University of Northern Iowa Athletic Director David Harris says the decision to start selling beer at football and basketball games is part of an overall effort to grab fans who now have a lot of entertainment choices available.
Harris tells Radio Iowa they’re continually looking at ways to improve the fan experience. “For instance, we added a mothers’ room for nursing mothers. Because we found that if you’re a nursing mother prior to having that room — you would have nursing mothers sitting on the floor in the restroom trying to feed their babies,” Harris says. “Or adding a kids’ zone over in the McCleod Center for those families with young kids who are not always gonna wanna sit down and watch a (basketball) game that may be three to three and a half hours long.”

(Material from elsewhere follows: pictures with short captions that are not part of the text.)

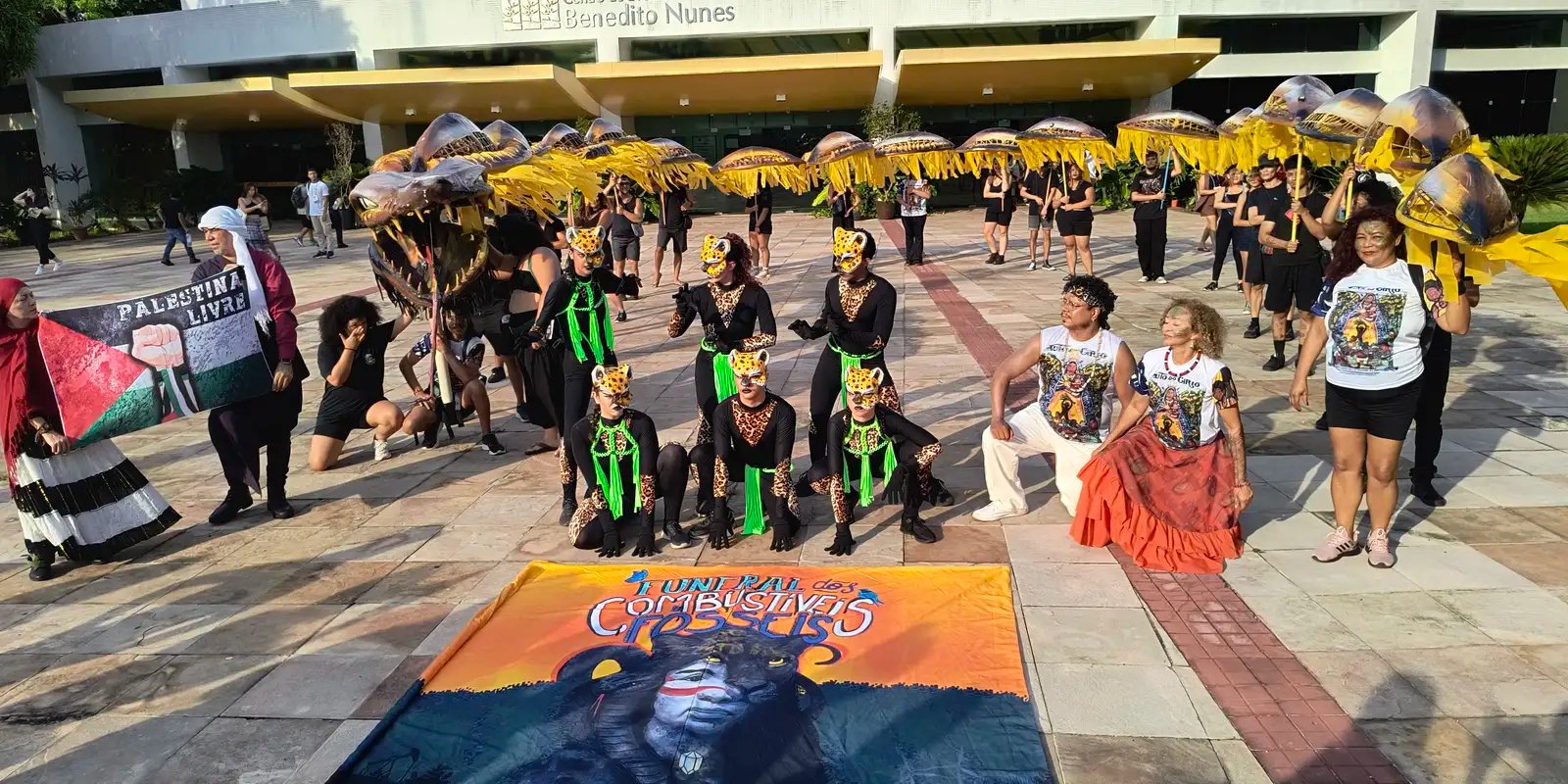 Ato na UFPA enterra simbolicamente combustíveis fósseis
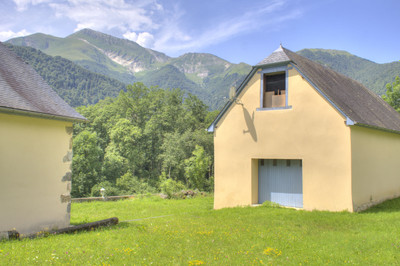 MAGNIFICENT HUNTING LODGE IN THE BASQUE COUNTRY + BREATHTAKING VIEWS OF THE PYRÉNÉES + IDEAL HOLIDAY HOME, B&B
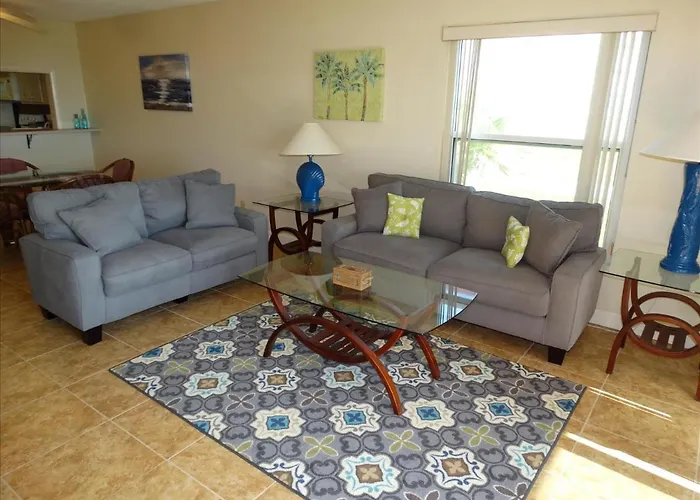 Spanish Main Unit 1- Direct Oceanfront Condo!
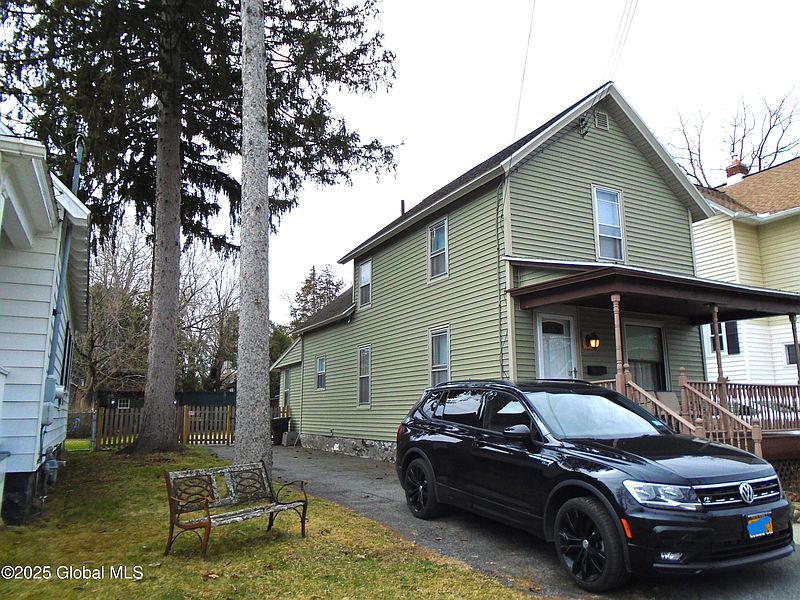 2nd image of 123 Sanders Avenue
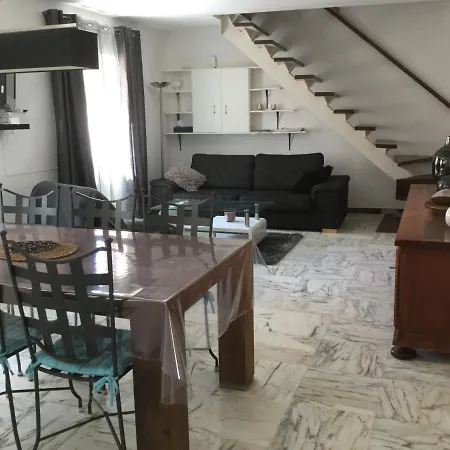 Maison Calvi Haute Corse 8 Personnes Centre Calvi (Corsica)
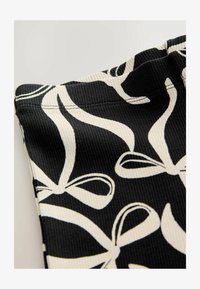 Non selezionato, black white bow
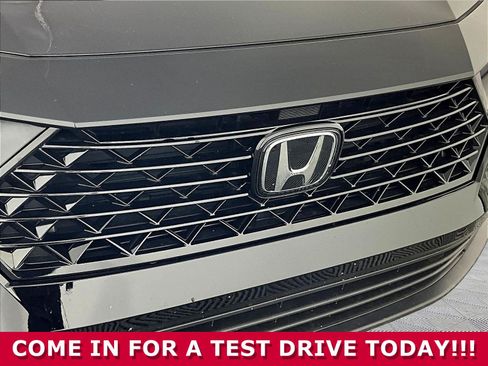 Used 2025 Honda Accord Sport image 29
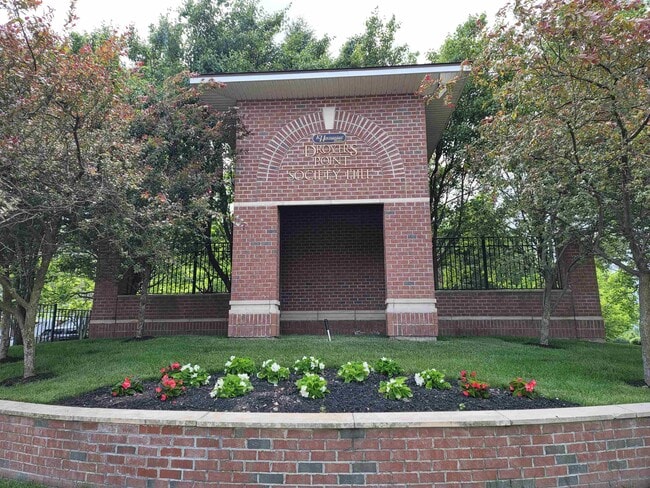 Building Photo - 13 McMartin Ct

Harris says some people won’t care at all about having a beer at a game — but there has been enough interest shown to add it.
“Not everything that we do is going to appeal to every fan, and that’s why we have tried to take the time and tried to strategically look at the things that would have the most impact,” he says. “So for us, the biggest pro out of all of this is we feel that we are adding something that many of our fans want, that they will enjoy.”
While adding beer sales may bring in more revenue, Harris says they had to look at an overall picture how it would impact the events. “Anything that you do that you ultimately do well — you hope that there’ll be a financial benefit at the end of the day. But at the same time, when you are looking at trying to introduce things — if you are just doing it for financial reasons — then you may be adding something that is not in the best interest of your fan base,” according to Harris.
He says they don’t yet know what the overall impact of selling beer will be. “It’s hard to try to determine exactly what kind of revenue you would make and how that would all break down, and how much would come from more ticket sales and how much of it would come from just concessions and that sort of thing. You can’t allow yourself to be primarily driven by that,” he says.
Harris says the entertainment options for people have expanded and athletic departments everywhere are trying to adjust and compete to get the fans in the seats by providing the things they want. “Whether it’s Wi-fi, whether its selling beer, whether it’s a kid room, what are you doing with your parking…do you let families come down on your field after the game? All of those things you will find will be different from campus to campus,” Harris says. “But the driving thought behind all of it is that we are all recognizing that we are all fighting to try and get fans into our arenas. ”
He says it’s “not just a matter of opening the doors and expecting people to run in just because the doors are open. You really are trying to create something that is attractive to people and that they’ll want to come for,” Harris says. Harris says they put a lot of work into making sure that adding alcohol is done right and is something that adds a benefit to fans and their experience.
Beer will be sold to the general public beginning at this Saturday’s home football game.